Daniel Moerner

A Curious Moon in Podman or Docker

I recently started working through A Curious Moon, a wonderfully clever data science “mystery” in PostgreSQL. The setup in the book uses Postgres on bare metal, but I wanted to use Postgres in Podman, which is like Docker. One interesting suggestion in the book is to use a Makefile to organize ETL. But this needed a little massaging work with Podman on Fedora, which I want to share here.

Here is my Compose file:

services:
  cassini-pg:
    image: postgres:17
    restart: unless-stopped
    container_name: cassini-pg
    environment:
      - POSTGRES_USER=cassini
      - POSTGRES_PASSWORD=super_secret_password
      - UID=1000
      - GID=1000
    volumes:
      - ./curious_data:/curious_data:z
      - ./scripts:/scripts:z

On a system with enforcing SELinux like Fedora, you’ll need to add the :z to the end of the volume mounts. This will ensure the volume is shared with the correct SELinux labels. Otherwise, you will receive a permissions error when trying to access the directory.

And here is my Makefile:

CONTAINER=cassini-pg
USER=cassini
DB=enceladus
LOCALPATH=${CURDIR}/
DOCKERPATH=/
SCRIPTS=scripts
CSV='/curious_data/data/master_plan.csv'
MASTER=$(SCRIPTS)/import.sql
NORMALIZE=$(SCRIPTS)/normalize.sql
BUILD=$(SCRIPTS)/build.sql

all: normalize
	podman exec -it $(CONTAINER) psql $(DB) -U $(USER) -f $(DOCKERPATH)$(BUILD) && podman exec -it $(CONTAINER) psql $(DB) -U $(USER)

master:
	@cat $(LOCALPATH)$(MASTER) >> $(LOCALPATH)$(BUILD)

import: master
	@echo "COPY import.master_plan FROM $(CSV) WITH DELIMITER ',' HEADER CSV;" >> $(LOCALPATH)$(BUILD)

normalize: import
	@cat $(LOCALPATH)$(NORMALIZE) >> $(LOCALPATH)$(BUILD)

clean:
	@rm -rf $(LOCALPATH)$(BUILD)

createdb:
	podman exec -it $(CONTAINER) createdb $(DB) -U $(USER)

psql:
	podman exec -it $(CONTAINER) psql $(DB) -U $(USER)
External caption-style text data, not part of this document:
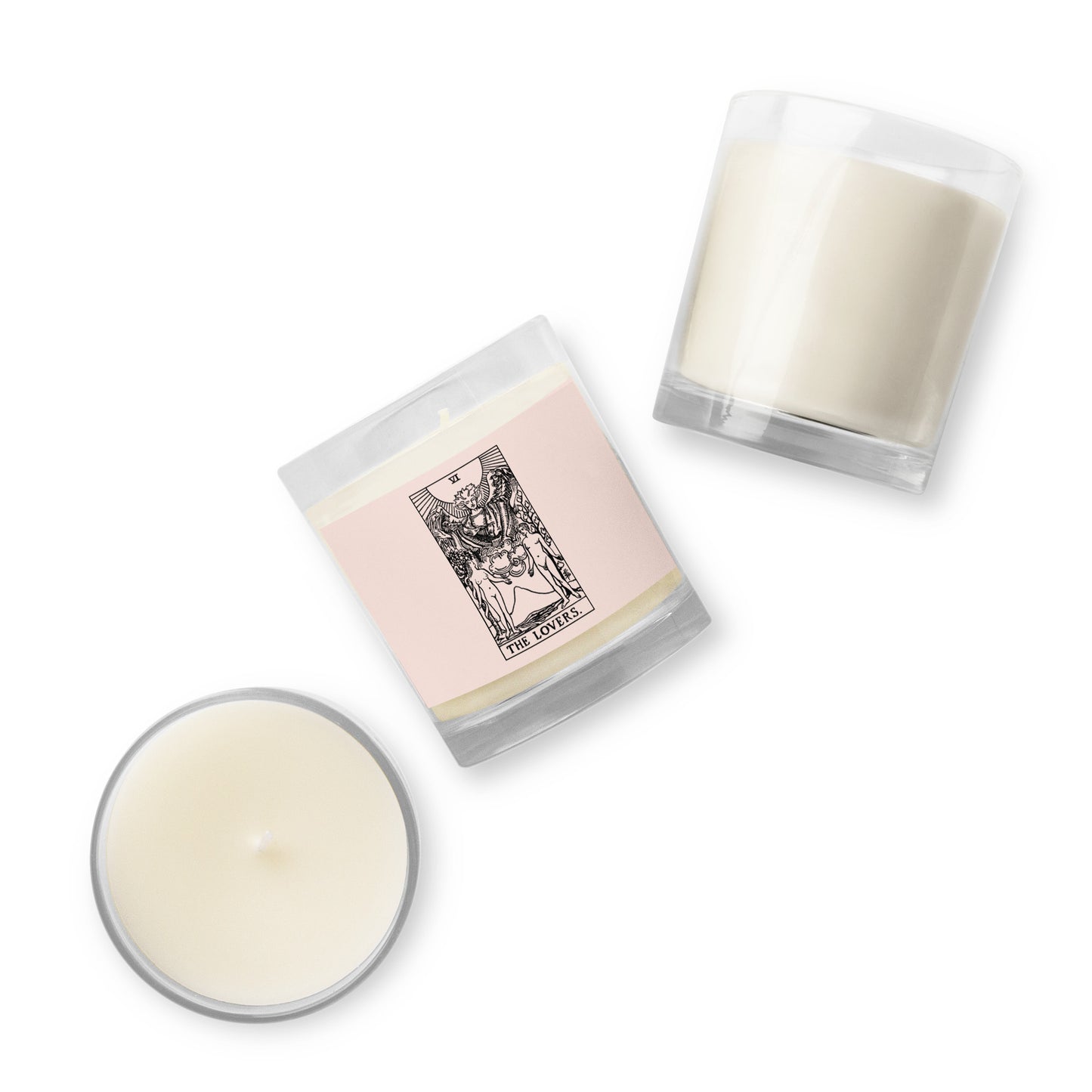 The Lovers Tarot Card Scentless Soy Candle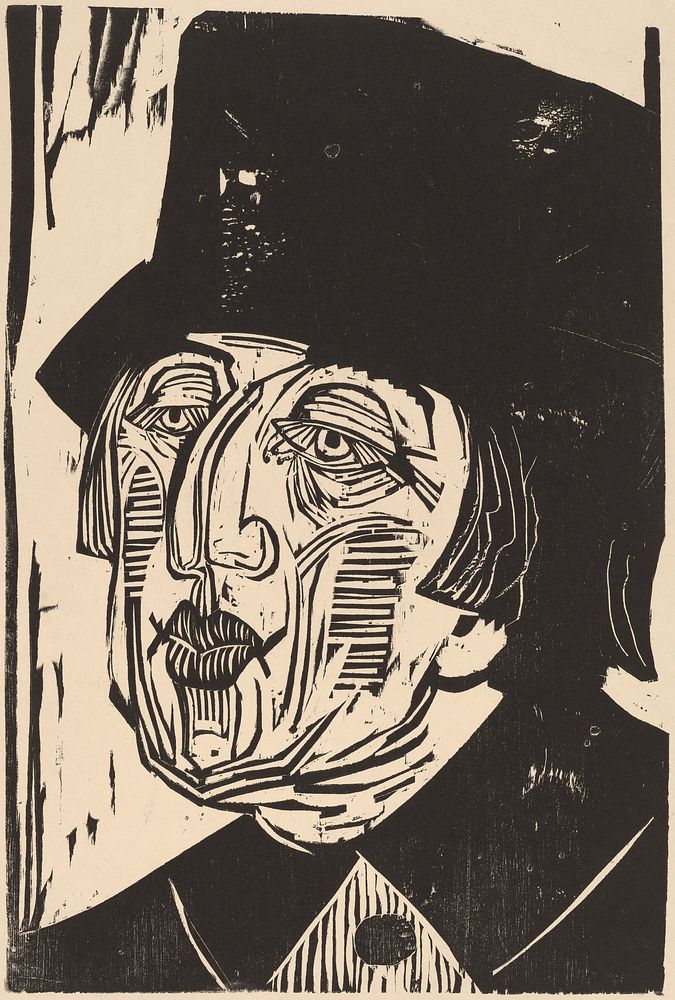 Annette Kolb (1926) print in high resolution by Ernst Ludwig Kirchner.  
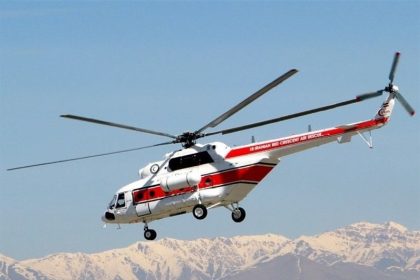 وقوع حادثه برای بالگرد هلال احمر در اشترانکوه/یک نفر از حادثه دیدگان جان باخت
A few things to note here. First, when using containers (at least at the start) you will often want to completely blow up and recreate a container. This means being prepared to re-run createdb. I wanted to make this a target of all and psql, but it appears that Postgres does not have an easy-to-use command like CREATE DATABASE IF NOT EXISTS. So instead error messages on a new container should point you to the need to re-run the createdb target.

Second, the default make target should leave us in an interactive psql session. However, just passing a script to the container drops us into what appears to be a psql session (you can type in it), but it is not usable (“Enter” does not execute a command). Therefore, in the all target we first load the build script and then execute a separate psql interactive session.

Third, the paths are a bit messy because we need to use a mixture of paths outside of the container and paths within the container. This could be simplified by using absolute paths and adjusting the container volume mounts to be identical. I did not pursue this, however, because hard-coding absolute paths in the volumes seems fragile and exposes more information than is necessary to the container.

I look forward to sharing more of my journey through this book here on my blog. One more thing: The link to the data included in the book itself seems to be dead, but the data is still available here: https://archive.redfour.io/